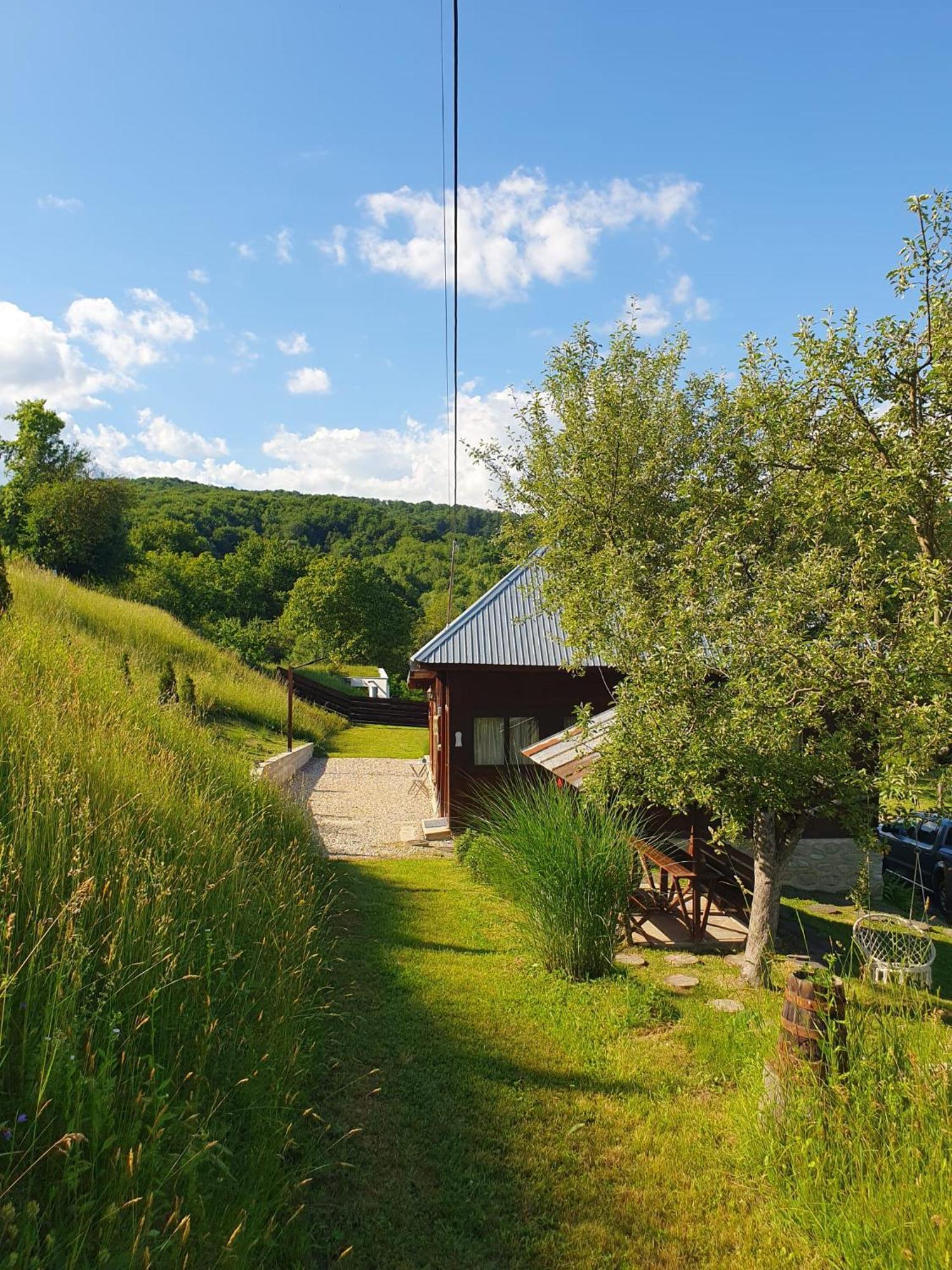 Cabana Valea Lui Mas Robaia Екстериор снимка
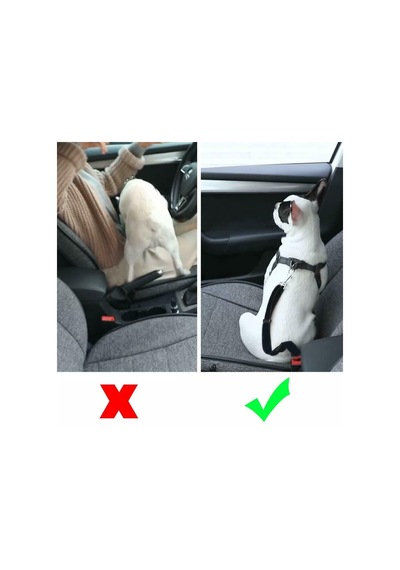 Köpek Araç Araba Emniyet Kemeri Oto Evcil Hayvan Seyahat Tasma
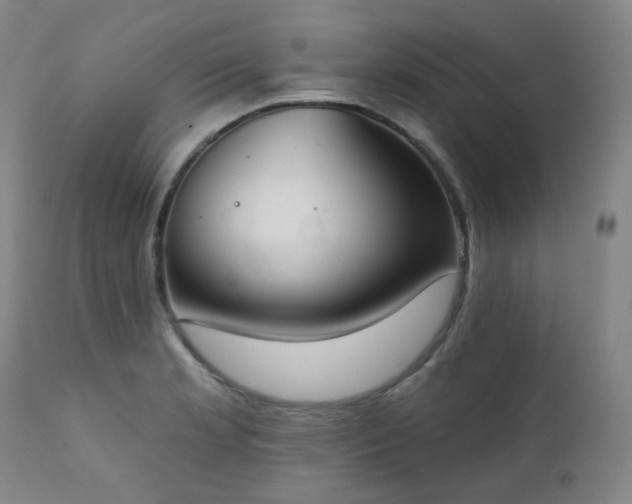X0000111441181200907131258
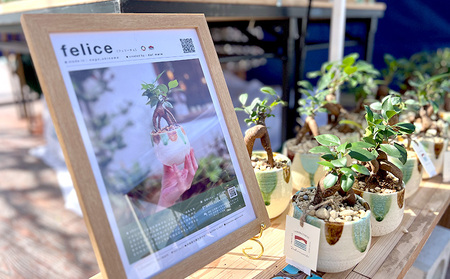 観葉植物『feliceフェリーチェ』ガジュマル＆ erba エルバ【名護産植木鉢SDGｓ】 観葉植物 やちむん 観葉植物 ガジュマル 観葉植物 インテリア 観葉植物 国産 観葉植物 陶器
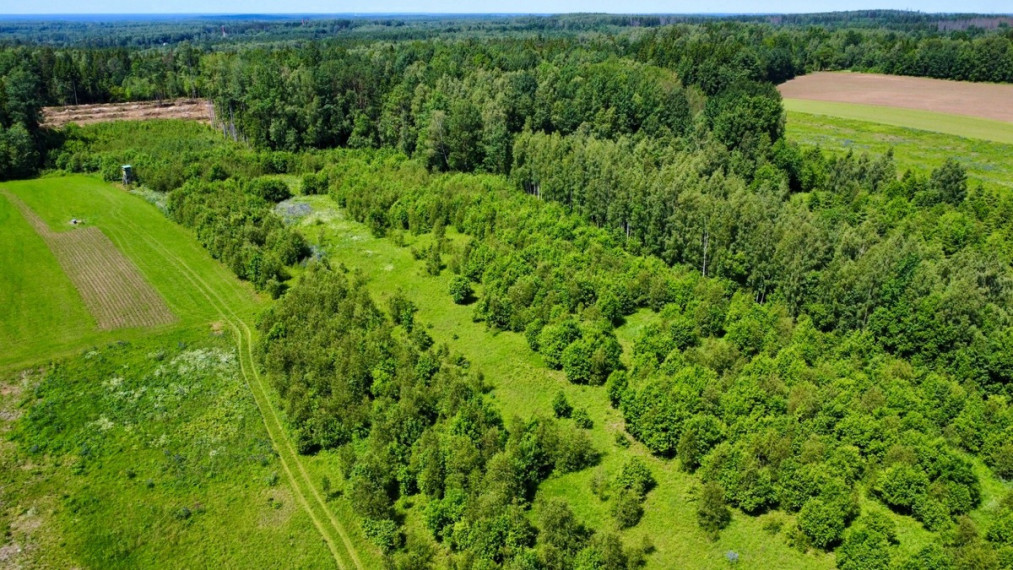 Parduodamas  sklypas Ančeriškių k., Vilniaus r. sav., 284 a ploto 9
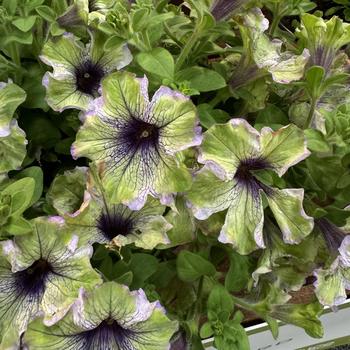 Petunia 'Plum Cockatoo'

◆ ◆ ◆ ◆ ◆ ◆ ◆

> **Work required**
Print only the lines from the line that contains "Köpek Araç Araba" to the final line of the data, inclusive. Pictures stay out.

> **Solved exercise**
 Köpek Araç Araba Emniyet Kemeri Oto Evcil Hayvan Seyahat Tasma
X0000111441181200907131258
 観葉植物『feliceフェリーチェ』ガジュマル＆ erba エルバ【名護産植木鉢SDGｓ】 観葉植物 やちむん 観葉植物 ガジュマル 観葉植物 インテリア 観葉植物 国産 観葉植物 陶器
 Parduodamas  sklypas Ančeriškių k., Vilniaus r. sav., 284 a ploto 9
 Petunia 'Plum Cockatoo'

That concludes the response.